* Exercise materials:
---
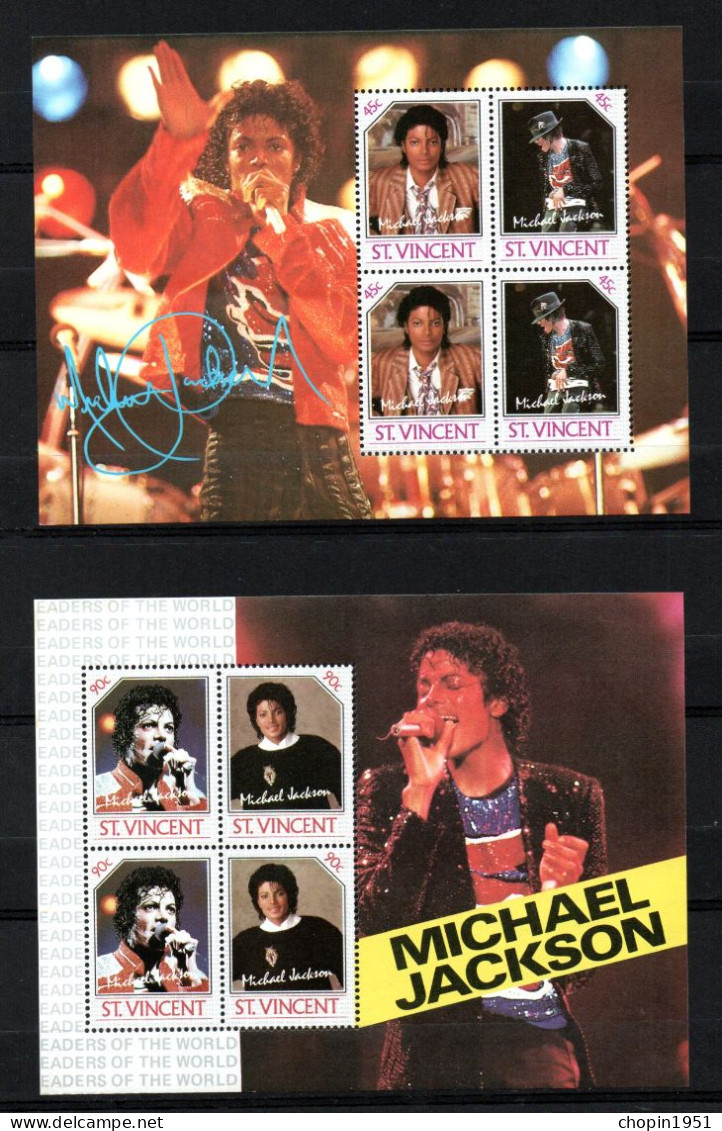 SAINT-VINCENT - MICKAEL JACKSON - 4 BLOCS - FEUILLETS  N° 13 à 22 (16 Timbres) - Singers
---
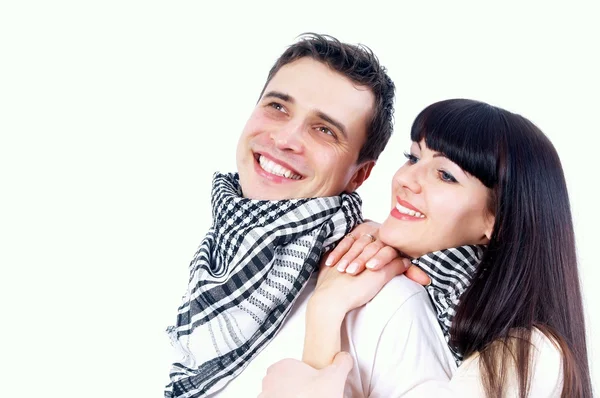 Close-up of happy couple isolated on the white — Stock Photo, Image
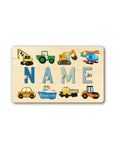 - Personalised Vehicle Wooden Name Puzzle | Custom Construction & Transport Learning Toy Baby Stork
---
The output is the stretch above from the line with "Close-up of happy" through the line with "- Personalised Vehicle", copied word for word with both ends kept and every picture dropped.

* Exercise response:
 Close-up of happy couple isolated on the white — Stock Photo, Image
 - Personalised Vehicle Wooden Name Puzzle | Custom Construction & Transport Learning Toy Baby Stork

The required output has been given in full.